### Entries supplied
----
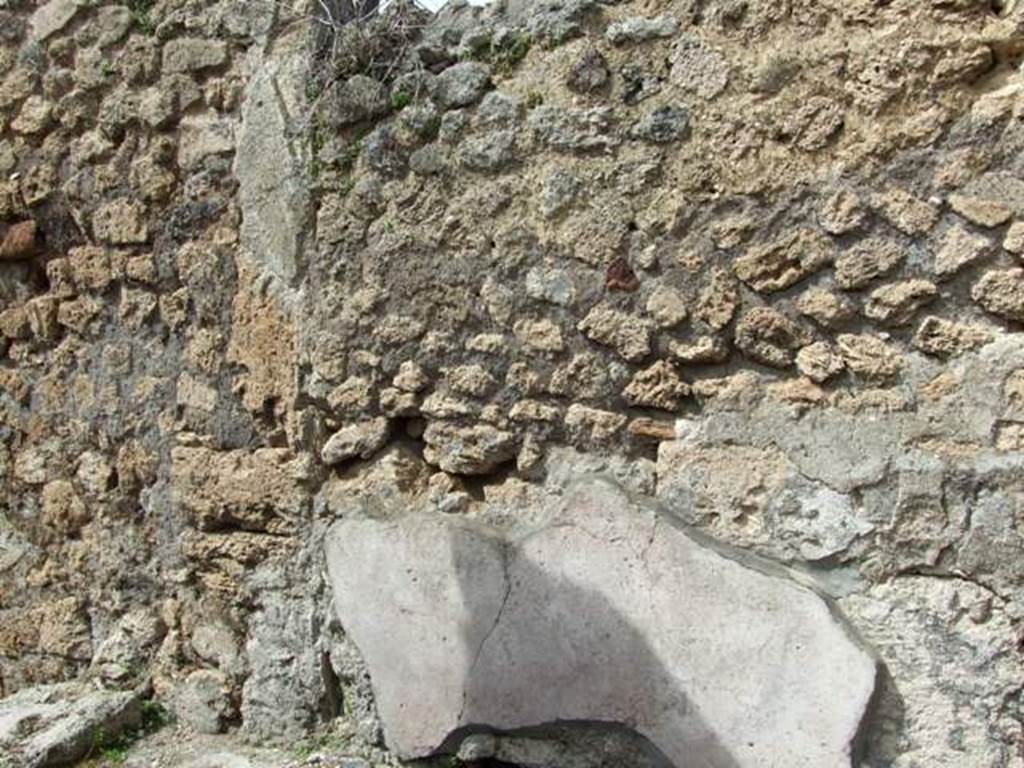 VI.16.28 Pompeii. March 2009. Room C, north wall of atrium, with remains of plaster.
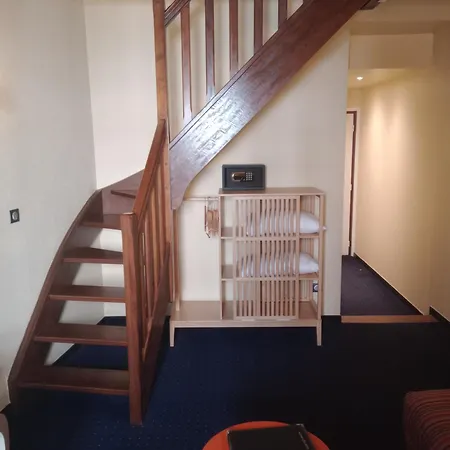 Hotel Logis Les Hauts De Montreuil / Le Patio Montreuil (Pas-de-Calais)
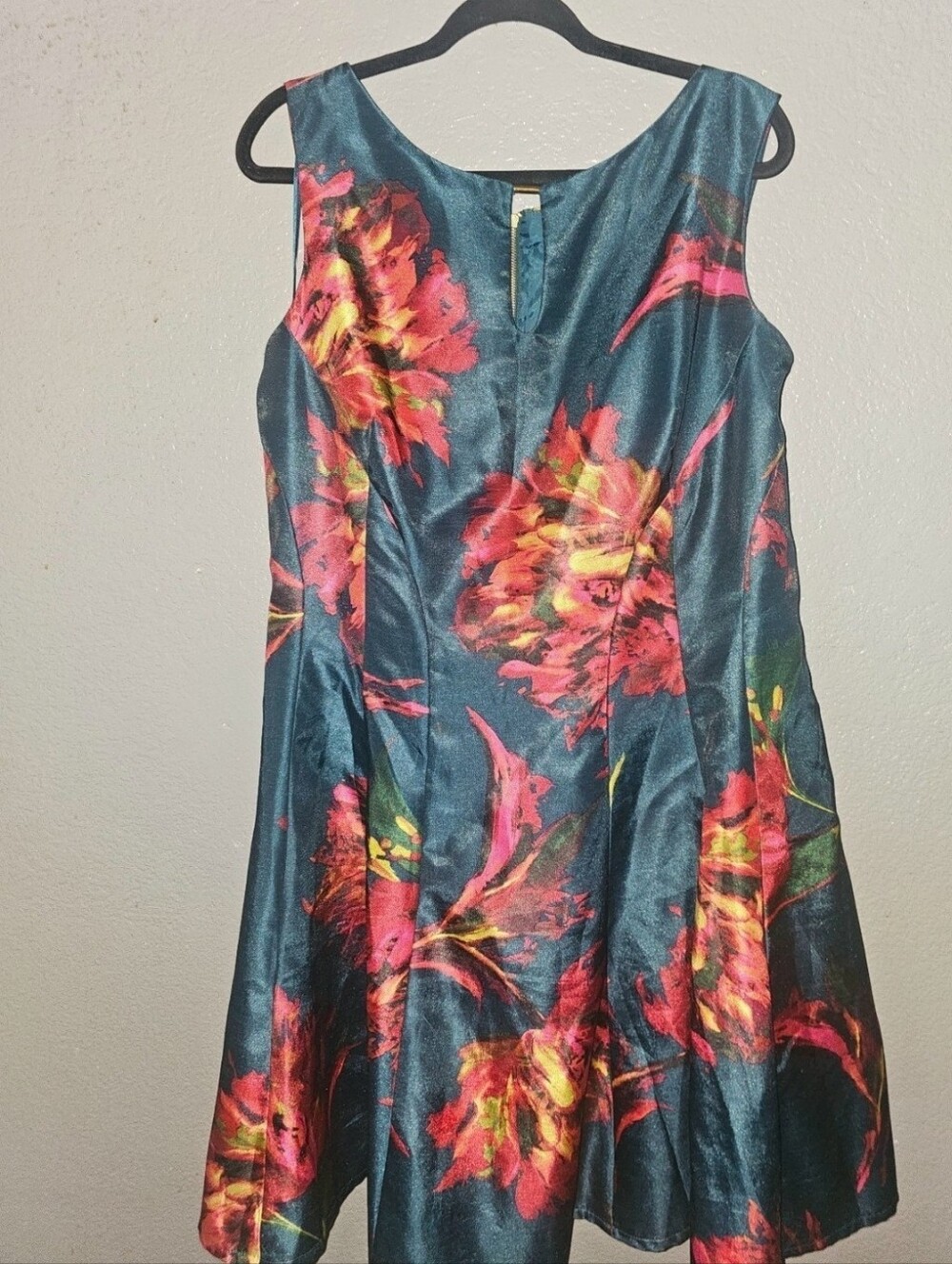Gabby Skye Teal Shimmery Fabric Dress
----
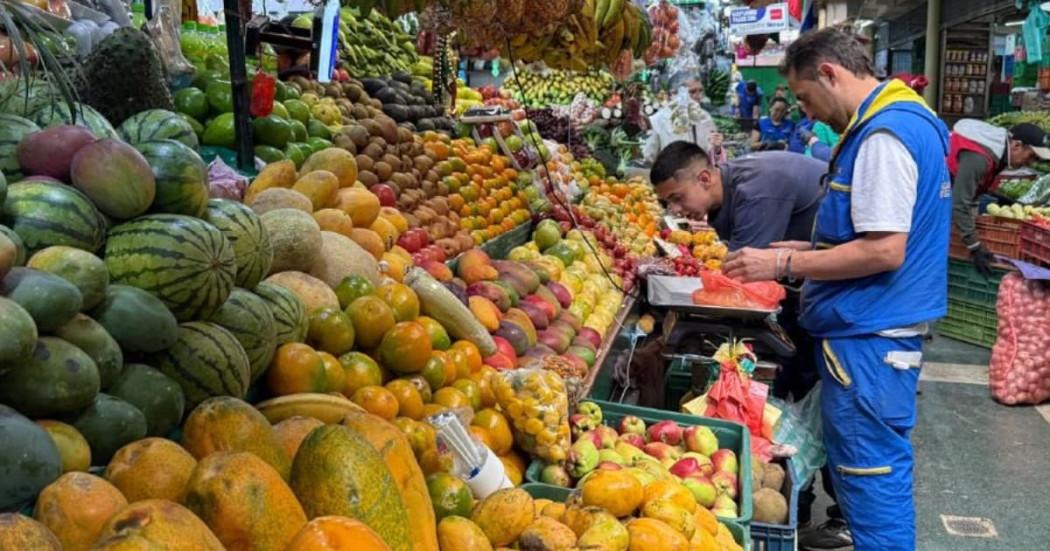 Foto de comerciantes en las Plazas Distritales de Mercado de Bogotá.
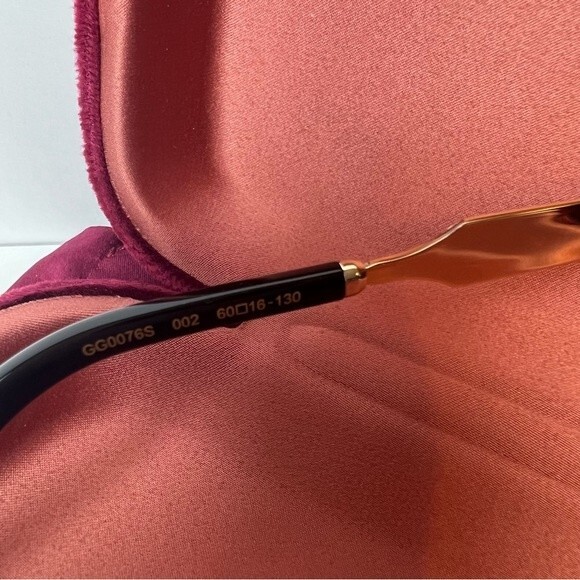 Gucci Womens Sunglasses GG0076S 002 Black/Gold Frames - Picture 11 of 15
----
### Task to complete
Going by the data above, give back only the lines from the one containing "VI.16.28 Pompeii. March" through the one containing "Gabby Skye Teal Shimmery Fabric Dress", exactly as they stand, both ends included and no images.

### Solution to the exercise
 VI.16.28 Pompeii. March 2009. Room C, north wall of atrium, with remains of plaster.
 Hotel Logis Les Hauts De Montreuil / Le Patio Montreuil (Pas-de-Calais)
Gabby Skye Teal Shimmery Fabric Dress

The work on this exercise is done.